In closing I would like to say I felt so ignorant at being unaware of even the best guess scenario for that word. I don't feel quite so stupid now. Thank goodness.
Mandy21:
So.... after all that, what does it mean?
ifyoucantfixit:
sibilant \SIB-uh-luhnt\, adjective:
1. Hissing.
2. Phonetics. Characterized by a hissing sound; noting sounds like those spelled with s in this.
noun:
1. Phonetics. A sibilant consonant.
This is the way the presence of a ghost was detected: Some sound would be heard, such as a sibilant noise, a soft whistle, or something like murmurs, or some sensation in a part of the body might be felt.
-- George H. Ellis, Legends of Gods and Ghosts: Hawaiian Mythology
He just drank his coffee, making a little sibilant sound, and watched the earth mover lumber back and forth, back and forth, its shovel going up and down and over and up and down and over again.
-- Anna Quindlen, Object Lessons
The wind in the patch of pine woods off therehow sibilant.
-- Walt Whitman, Prose Works 1892: Specimen Days
Sibilant stems from the Latin word sībilant- which meant "whistling or hissing." It is assumed to imitative of the sound itself.
ifyoucantfixit:
--- Quote from: Mandy21 on May 11, 2012, 10:40:35 am ---So.... after all that, what does it mean?
--- End quote ---
The notice was on the word that I did not know was; basically "we'll get back to you on that." :laugh:
ifyoucantfixit:
prorogue \proh-ROHG\, verb:
1. To defer; postpone.
2. To discontinue a session of (the British Parliament or a similar body).

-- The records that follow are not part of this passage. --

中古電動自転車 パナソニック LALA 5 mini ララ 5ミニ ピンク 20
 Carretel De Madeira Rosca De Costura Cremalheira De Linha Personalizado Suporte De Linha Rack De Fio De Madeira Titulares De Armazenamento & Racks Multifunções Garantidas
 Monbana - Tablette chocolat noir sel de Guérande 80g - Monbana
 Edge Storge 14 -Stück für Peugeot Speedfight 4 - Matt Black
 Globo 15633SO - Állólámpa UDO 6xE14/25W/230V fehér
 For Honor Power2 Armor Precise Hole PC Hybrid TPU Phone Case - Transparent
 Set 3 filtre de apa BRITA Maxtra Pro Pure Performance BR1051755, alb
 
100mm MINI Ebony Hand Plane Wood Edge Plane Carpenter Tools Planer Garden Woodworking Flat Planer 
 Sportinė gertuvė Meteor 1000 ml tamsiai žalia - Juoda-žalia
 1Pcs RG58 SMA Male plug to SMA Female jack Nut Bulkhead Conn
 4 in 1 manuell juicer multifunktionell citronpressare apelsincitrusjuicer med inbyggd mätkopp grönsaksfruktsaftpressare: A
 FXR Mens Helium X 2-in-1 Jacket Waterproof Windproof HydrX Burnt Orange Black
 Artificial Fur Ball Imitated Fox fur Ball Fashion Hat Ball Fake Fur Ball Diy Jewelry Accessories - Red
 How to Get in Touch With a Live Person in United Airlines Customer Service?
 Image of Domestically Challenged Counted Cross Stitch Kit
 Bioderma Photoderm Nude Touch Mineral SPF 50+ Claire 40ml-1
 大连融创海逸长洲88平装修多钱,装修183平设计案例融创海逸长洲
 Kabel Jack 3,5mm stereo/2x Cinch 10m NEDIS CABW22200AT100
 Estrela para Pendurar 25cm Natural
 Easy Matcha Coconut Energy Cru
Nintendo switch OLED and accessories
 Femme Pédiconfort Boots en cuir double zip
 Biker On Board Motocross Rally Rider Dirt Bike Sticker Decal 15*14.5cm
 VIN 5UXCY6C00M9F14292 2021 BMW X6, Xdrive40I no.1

It was enough to make him rise from his Governor's throne and tell them, in English instead of Latin just so the fools and dunderheads understood, that he was planning to prorogue Parliament within a week.
-- Julian Barnes, England, England
What I do hear is that Catulus—he's much better, so they say, he'll be back making a nuisance of himself in Senate and Comitia shortly—is organizing a campaign to prorogue all the current governors next year, leaving this year's praetors with no provinces at all.
-- Colleen McCullough, Caesar's Women
Prorogue is derived from the Latin word prōrogāre from the roots pro- meaning "advancing towards" and rogāre meaning "to ask."